Sara, Imagine my surprise at my blog being listed. I know that when I first was diagnosed with RA I was very upset. I was 21 years old, yeah a long time ago. I am so glad you have the list started. It always helps to read about how others learn to deal with this disease in their lives. Just knowing we are not alone in our frustrations helps especially when there may not be people for us to talk to who really understand what we are going through. Thanks.

Miss Waxie aka A Comic Life Indeed

Hey there Sara!!

Thanks for your kind words (and yes, I do take "searing observations" as a compliment! :) )

I think it's a funny paradox - I know I was always looking for people writing about their RA, actual patient accounts rather than Mayo Clinic reads on my prognosis or how I was supposed to feel, but somedays, RA just doesn't allow for blog reading, much less blog writing. I think lists like these, ones that streamline us, are really, really helpful.

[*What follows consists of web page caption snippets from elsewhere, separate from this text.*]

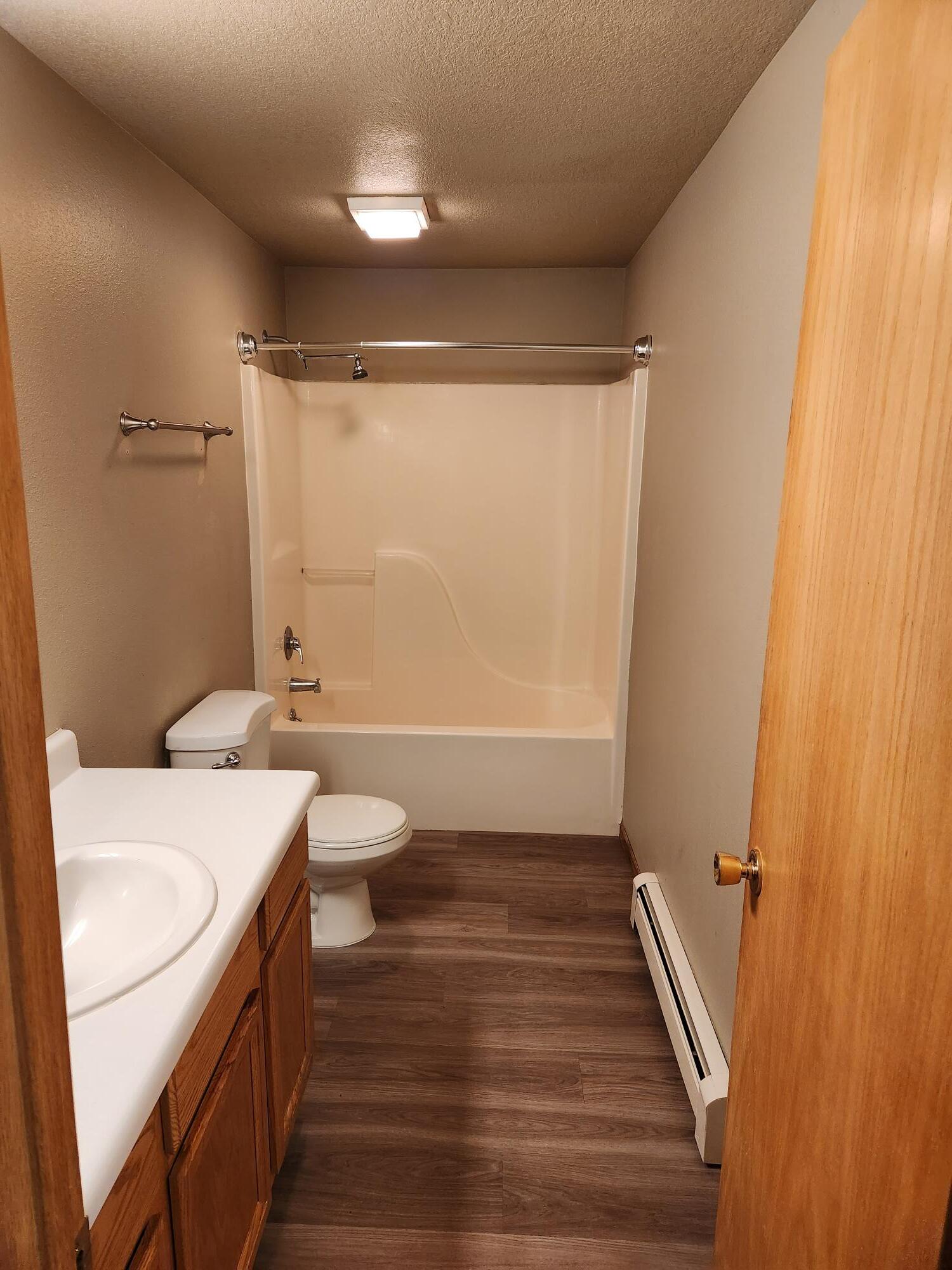 Building Photo - 341 Valley Grove Dr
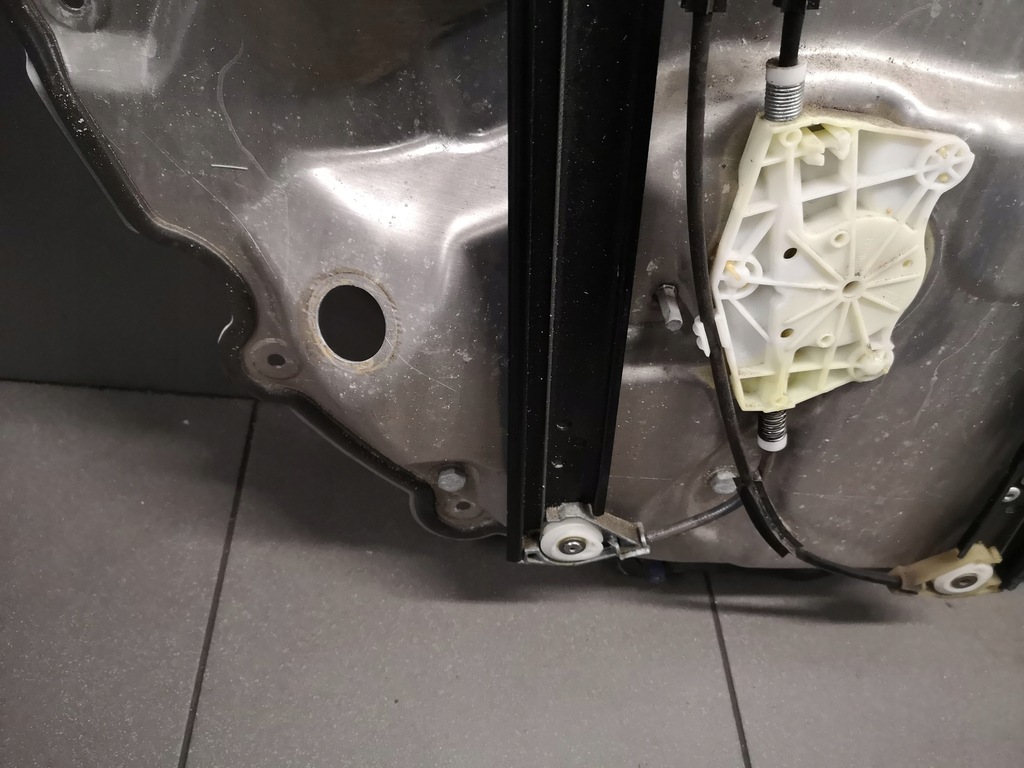 фото №8, Механізм скло правий задня audi a8 d3 4e0839850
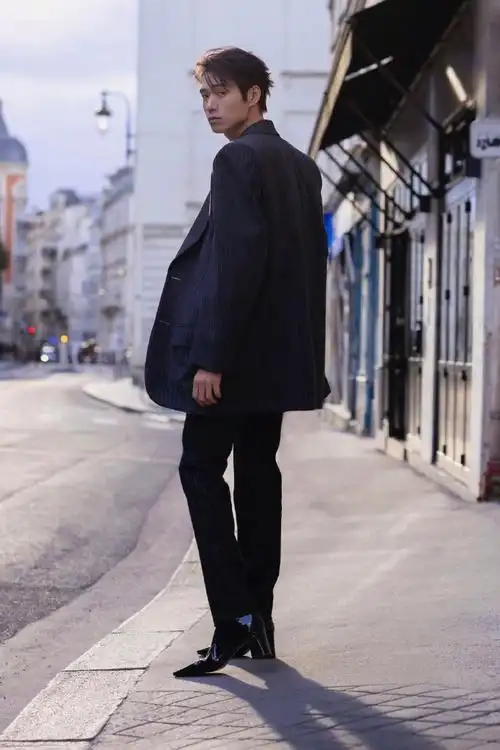魏大勋#巴黎时装周街拍记录#魏大勋双开门西装#不经意的霸气外露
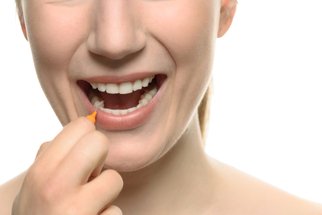 Prostor mezi zuby: Proč je nutné chrup očistit ze všech stran? 
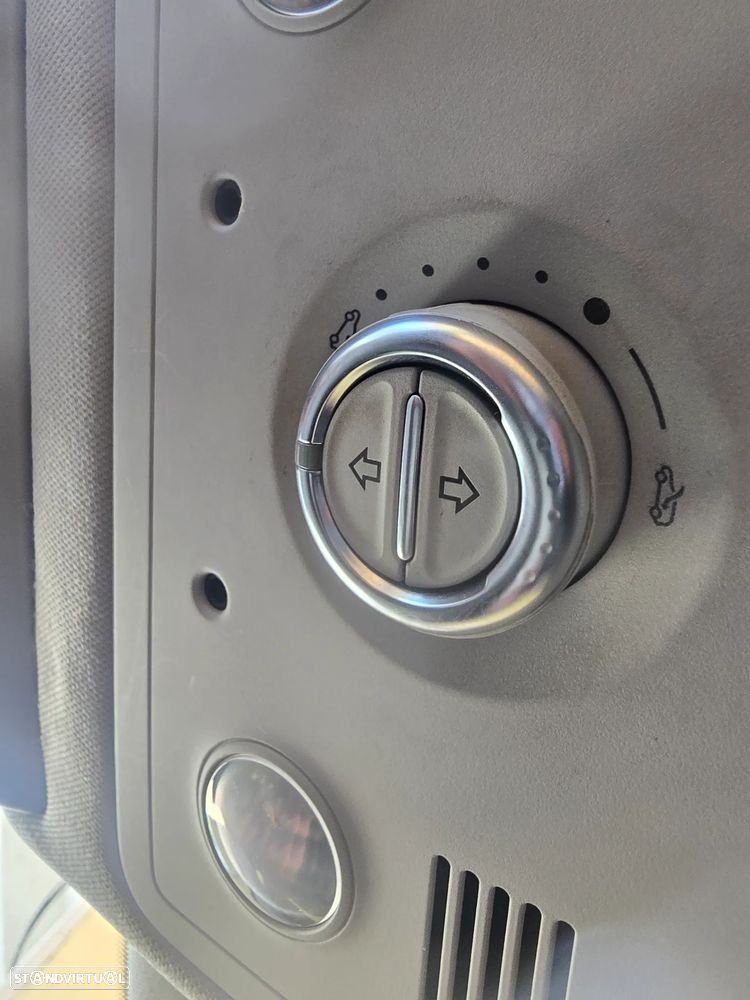 VW Touareg 3.0 V6 TDI Blue Motion DPF Auto Exclusive - 24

But thanks for including me in yours! Hope you're doing well!!

- Miss Waxie

Michele

This is so true, and I've been incredibly grateful for blogs, forums, and online info. I've got ankylosing spondylitis and there's even less out there on AS, so I'm grateful that you RAers are so inclusive. :-) As soon as my blog is shipshape, I'll let you know. Thanks for letting me be a part of the RA community.

sara

Becky-thanks, and I totally agree. Talking helps so much. It is also great for us 'newbies' to be able to connect with others who have figured so much out already.

Miss Waxie- thanks! I know, keeping up with everything online is a challenge. I hope your cataracts surgery went well!

Michele-My good friend has AS, and it's very true; as hard as it is having RA and dealing with all the misconceptions, etc. AS is twice the fun. You should definitely start a blog!